Your copy should begin with the line containing "Red Pleated Kaftan", end with the line containing "Craftmade 53601-FBDT Flat", match the listing below exactly, and contain no pictures.

### Records supplied

· · · · ·

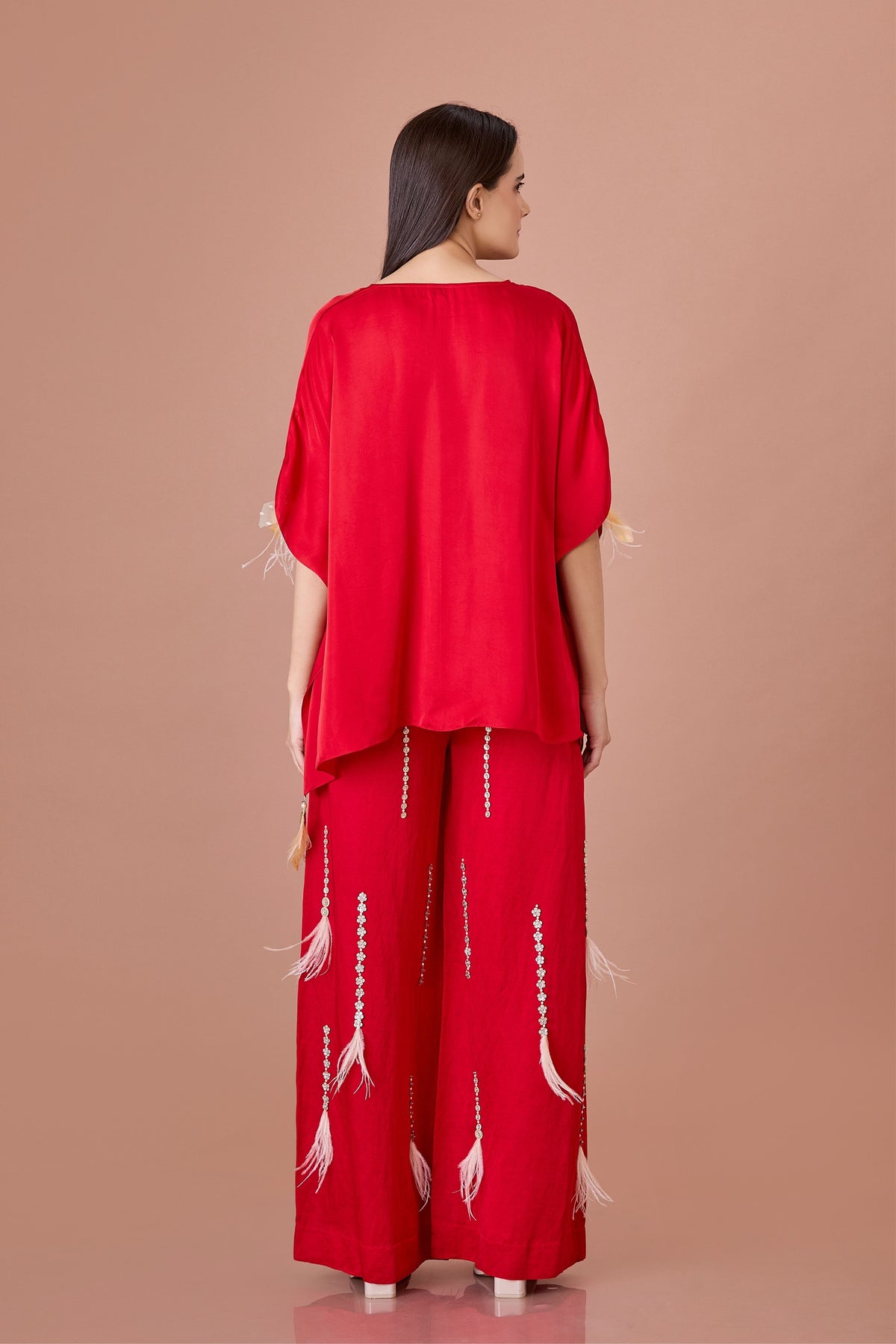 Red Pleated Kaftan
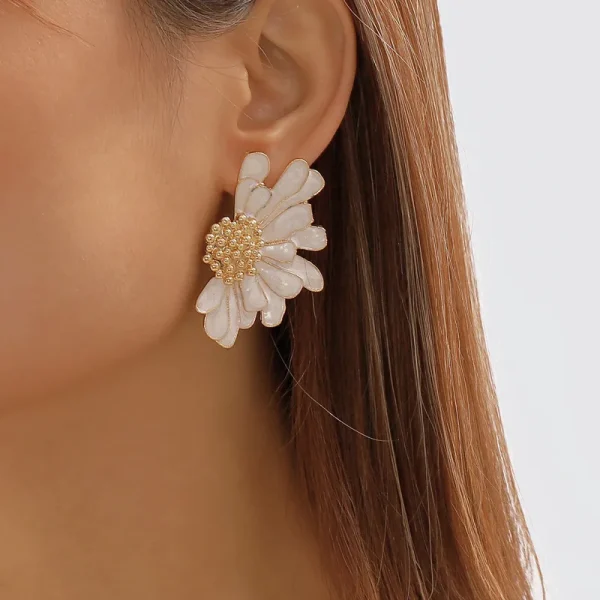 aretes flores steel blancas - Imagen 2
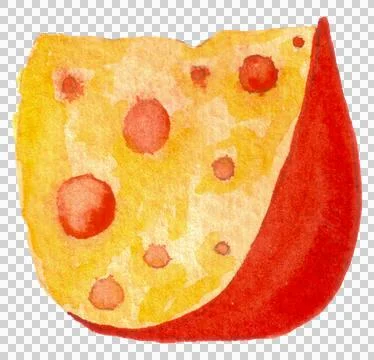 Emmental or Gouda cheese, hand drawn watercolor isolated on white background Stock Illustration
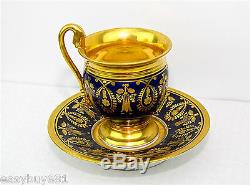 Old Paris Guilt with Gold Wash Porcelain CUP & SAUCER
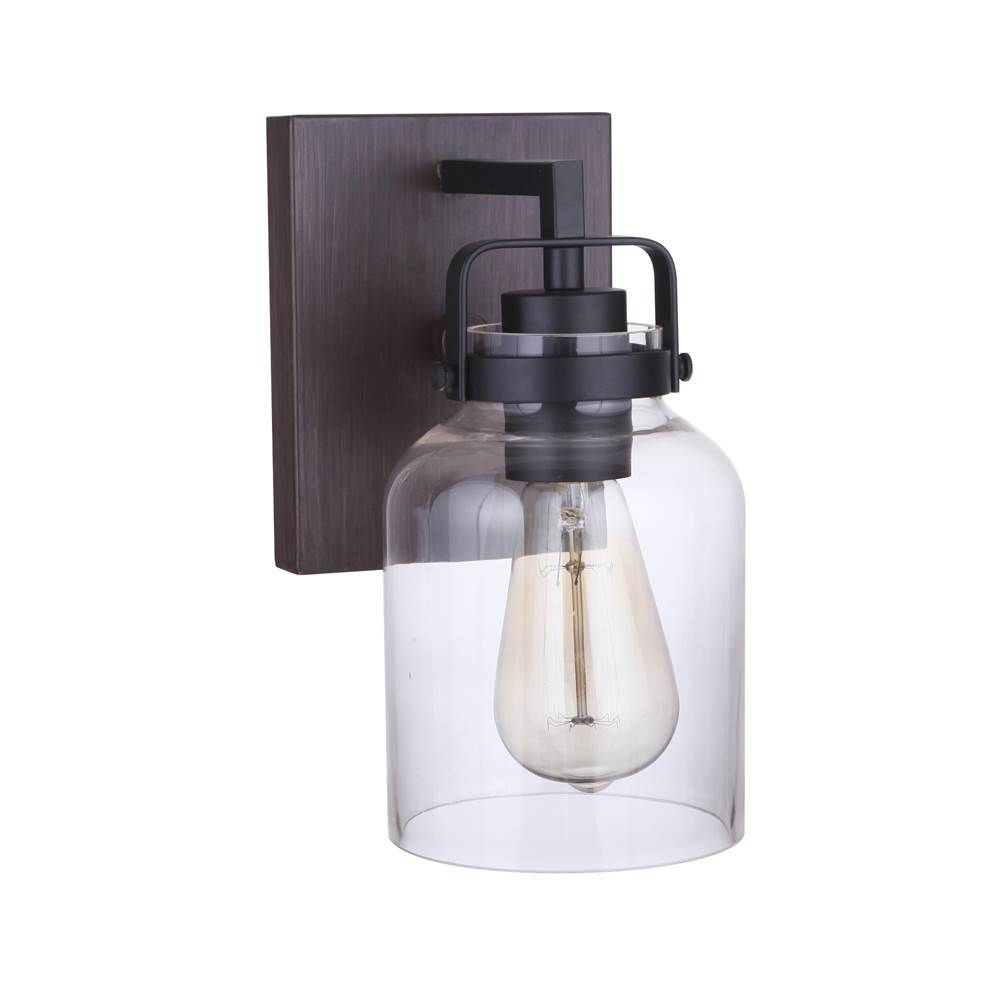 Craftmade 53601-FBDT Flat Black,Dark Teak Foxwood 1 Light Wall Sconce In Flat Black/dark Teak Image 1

· · · · ·

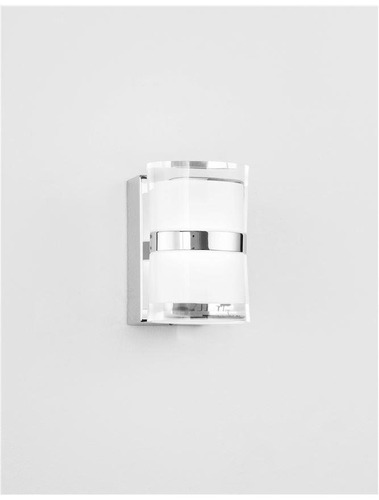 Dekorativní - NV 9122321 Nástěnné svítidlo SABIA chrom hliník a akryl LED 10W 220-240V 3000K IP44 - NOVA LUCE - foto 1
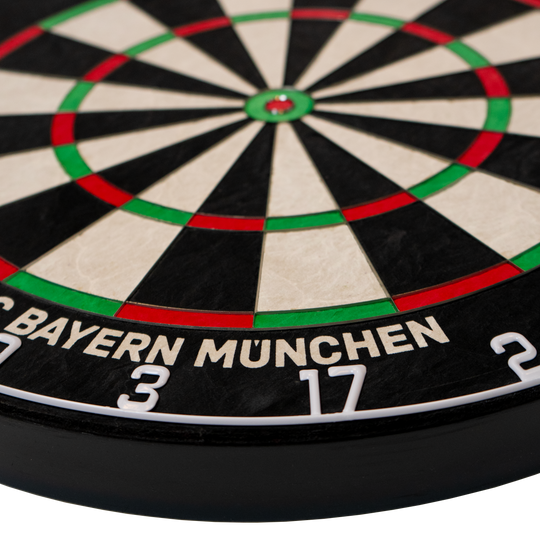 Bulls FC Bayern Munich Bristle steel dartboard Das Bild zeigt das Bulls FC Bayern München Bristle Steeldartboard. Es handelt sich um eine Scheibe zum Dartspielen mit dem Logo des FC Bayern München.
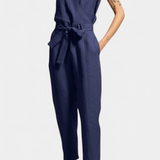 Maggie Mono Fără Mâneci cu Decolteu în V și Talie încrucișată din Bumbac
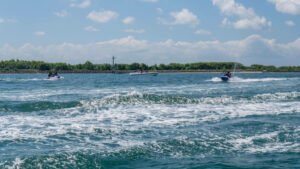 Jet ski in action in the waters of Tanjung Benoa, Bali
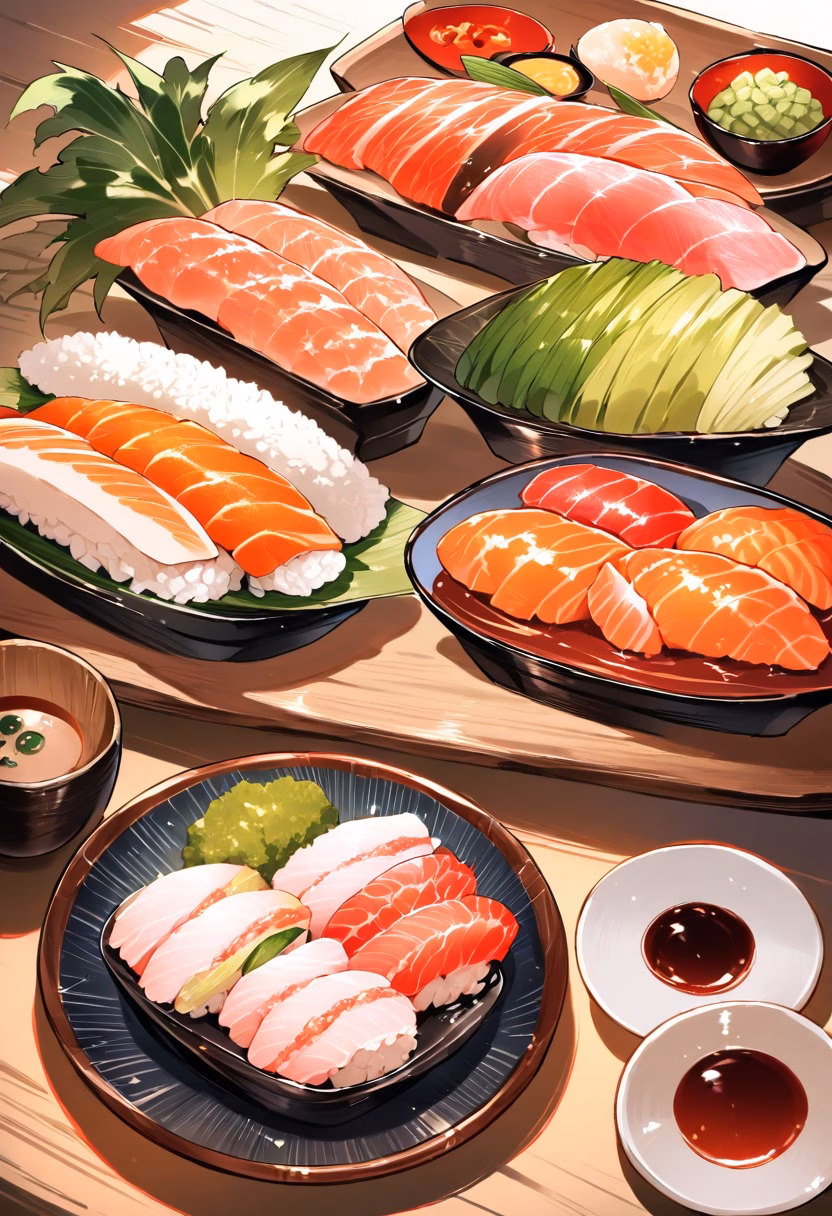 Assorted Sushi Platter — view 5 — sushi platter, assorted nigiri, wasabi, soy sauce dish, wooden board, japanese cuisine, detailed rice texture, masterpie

· · · · ·

### Answer box
 Red Pleated Kaftan
 aretes flores steel blancas - Imagen 2
 Emmental or Gouda cheese, hand drawn watercolor isolated on white background Stock Illustration
 Old Paris Guilt with Gold Wash Porcelain CUP & SAUCER
 Craftmade 53601-FBDT Flat Black,Dark Teak Foxwood 1 Light Wall Sconce In Flat Black/dark Teak Image 1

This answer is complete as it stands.